Task instructions
When you copy the listing, skip the images and return each line verbatim.

Data provided
● ● ●
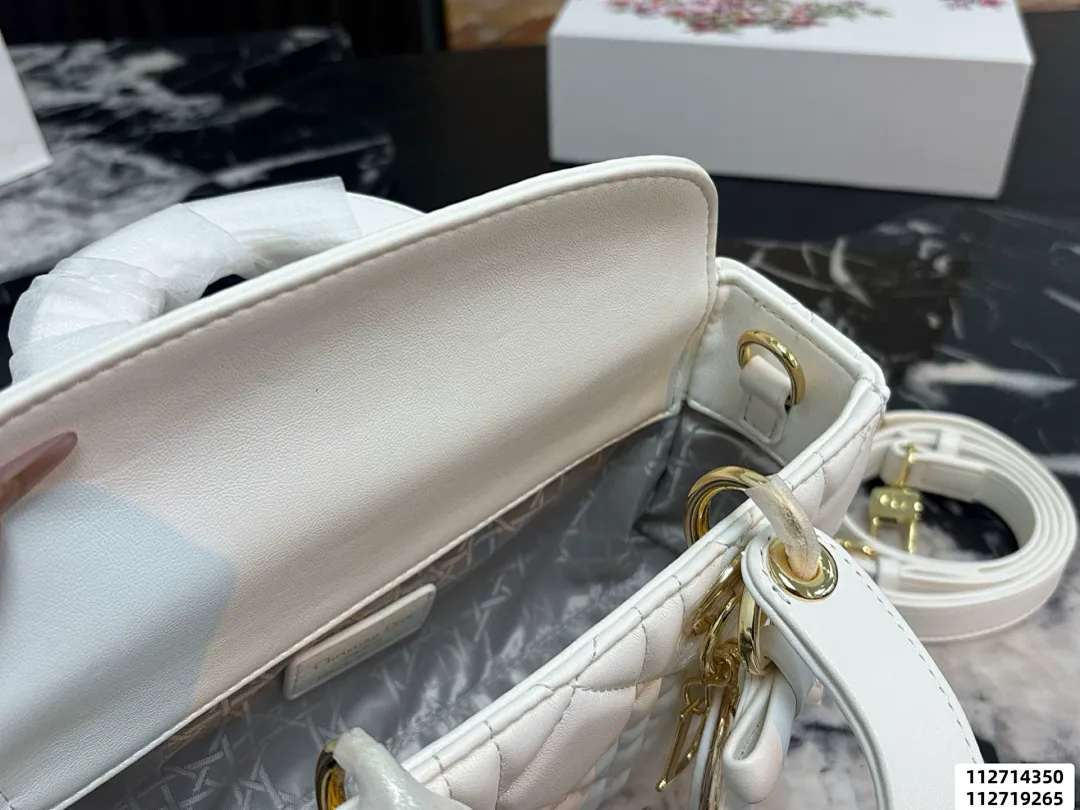 Dior 6305 תמונה 6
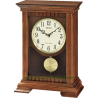 Table clock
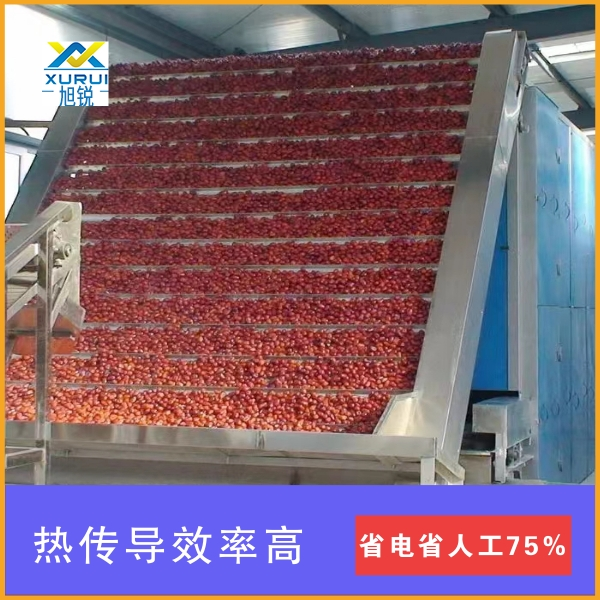 微信图片_20220516143719 微信图片_20220516143719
● ● ●
Response
 Dior 6305 תמונה 6
 Table clock
 微信图片_20220516143719 微信图片_20220516143719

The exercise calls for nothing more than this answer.